Folic acid, also called vitamin B9 , is a very important vitamin for the body, because it intervenes in the synthesis of DNA and proteins.
It is taken through food, in the form of folate , which is then transformed into folic acid. Let’s see in detail what folic acid is used for, what the symptoms of deficiency are and how to integrate it with food.
Folic acid, what is it for?
As we have anticipated, folic acid intervenes in the synthesis of DNA and RNA . For this, it is essential above all in the growth stages (childhood and adolescence) and in pregnancy. In particular, folic acid in pregnancy serves to prevent certain malformations of the baby, such as spina bifida, anencephaly and encephalocele.

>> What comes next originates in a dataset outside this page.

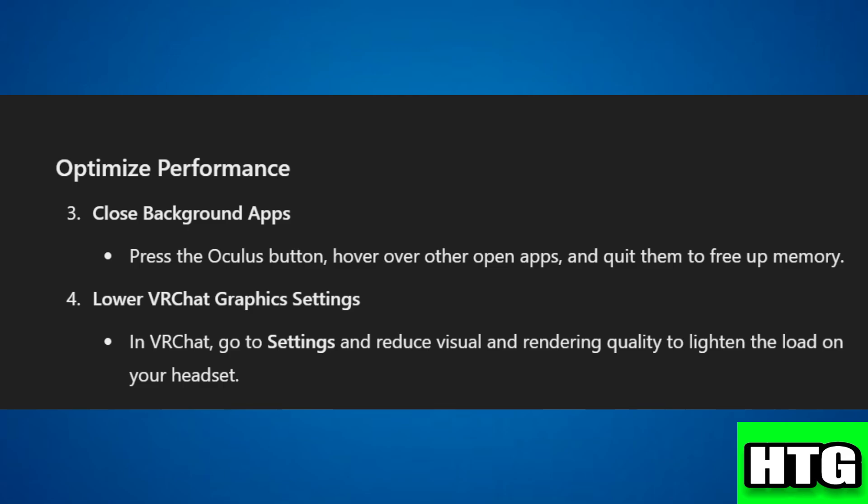Then lower VR chat graphics settings. In VR chat, go to Settings and reduce visual and rendering quality to lighten the load on your headset.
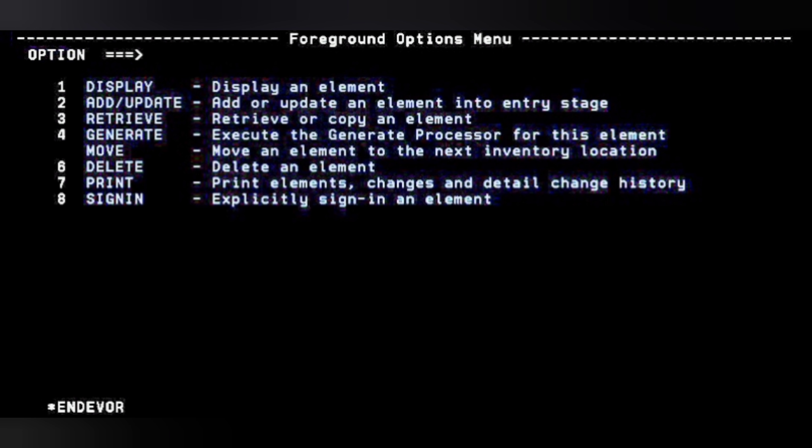In this video we are going to see the retrieval process. We give option three and press Enter, which takes us to the Retrieve Elements screen. In this Endeavor screen, there are a lot of things which you have to be very well aware of.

Vitamin B9 is also indispensable for the balance of the nervous system and for the production of red blood cells. Together with vitamin B12 and vitamin B6, it is responsible for the control processes of homocysteine , an essential amino acid, which in excessive quantities can cause cardiovascular diseases.
The benefits of vitamin B9 have not ended here: according to some studies, taking folate could prevent hearing impairment and macular degeneration of the eye, two pathologies that appear in old age.
Folic acid deficiency can cause weakness, poor growth, lack of appetite, inflammation of the tongue and gums, anemia, difficulty concentrating and sleep disturbances.
Folic acid: contraindications
Taking vitamin B9 has no contraindications . An excessive dosage, however, could mask the deficiency of another important B group vitamin, B12. Therefore, it is good to stick to the recommended dosage, which is about 0.2 ml for adults and 0.4 ml for pregnant women.
Folic acid: elements that contain it
Folic acid is contained in numerous foods, including vegetables (spinach, broccoli, asparagus, artichokes, Brussels sprouts, cabbage and beetroot), some fruits (oranges, avocados, kiwis, strawberries) and dried fruit ( nuts , hazelnuts and almonds).
Excellent sources of vitamin B9 are also cereals, legumes, eggs, meat (especially the liver) and salmon. All these foods, however, should be eaten raw, because cooking degrades the folate.